Stefano Boeri, architetto


La stanza del vuoto
Progetto di Parisotto + Formenton Architetti con Italcom, Laboratorio Morseletto
“Esiste una sorta di analogia tra il progetto dell’architettura e l’opera cinematografica: entrambe cercano di interpretare la realtà. Abbiamo scelto un’opera di Michelangelo Antonioni (La notte, ndr) cercando di avvicinare il suo modo di vedere la realtà al nostro. Il tema della commistione delle arti, il poter fare un progetto che sia contaminato è molto vicino al nostro modo di progettare.” Massimo Formenton, architetto
“Abbiamo scelto questa scena (Giovanni tra presenza e assenza con Monica Vitti e Marcello Mastroianni, ndr) del film di Antonioni perché secondo noi nessuno poteva interpretare meglio la contaminazione delle discipline. Abbiamo cercato di ricostruire la destabilizzazione del personaggio tra presenza e assenza attraverso un gioco di riflessioni. Inoltre nei film di Antonioni non è mai ben definito il rapporto tra esterno e interno: anche noi abbiamo costruito un padiglione che in realtà è un patio, e c’è un rapporto che continua tra l’interno e l’esterno.”

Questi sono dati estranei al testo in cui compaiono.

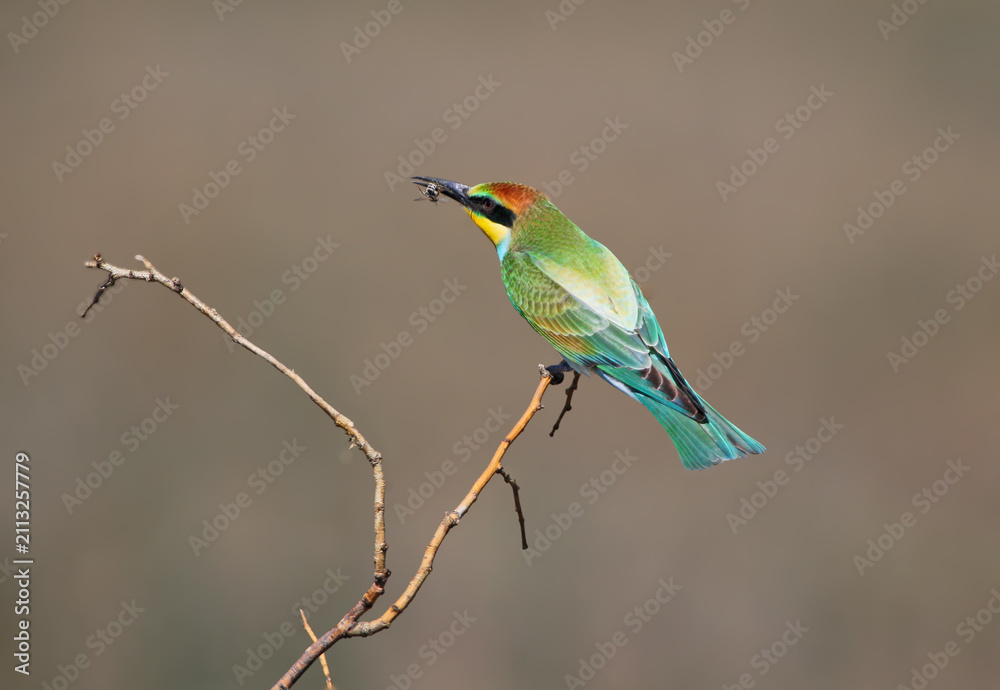 Obraz premium A colorful young European bee-eater perched gracefully on a thin, dry branch against a soft background.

Aldo Parisotto, architetto


Towers
Progetto di Sergei Tchoban, Sergey Kuznetsov, Agniya Sterligova con Velko Group
“Per me ogni installazione è un’architettura, quindi è parte di un’esperienza. Al centro del Cortile d’Onore abbiamo presentato una torre, che è sempre la parte principale di un complesso architettonico; d’altro canto questa è una torre che dà informazioni, anche su se stessa, sul proprio design. Comunica con le persone che arrivano alla mostra e vedono le varie immagini sulla torre. Le immagini sono in movimento e inducono la gente a pensare: ‘Com’è questa torre?’ Se ne discute, nasce un dialogo, uno scambio, che è l’essenza di Open Borders. Per questo credo che la nostra installazione sia molto chiara, riguardi l’integrazione delle persone nel dialogo sui confini aperti, un dialogo a cui partecipano tutti.”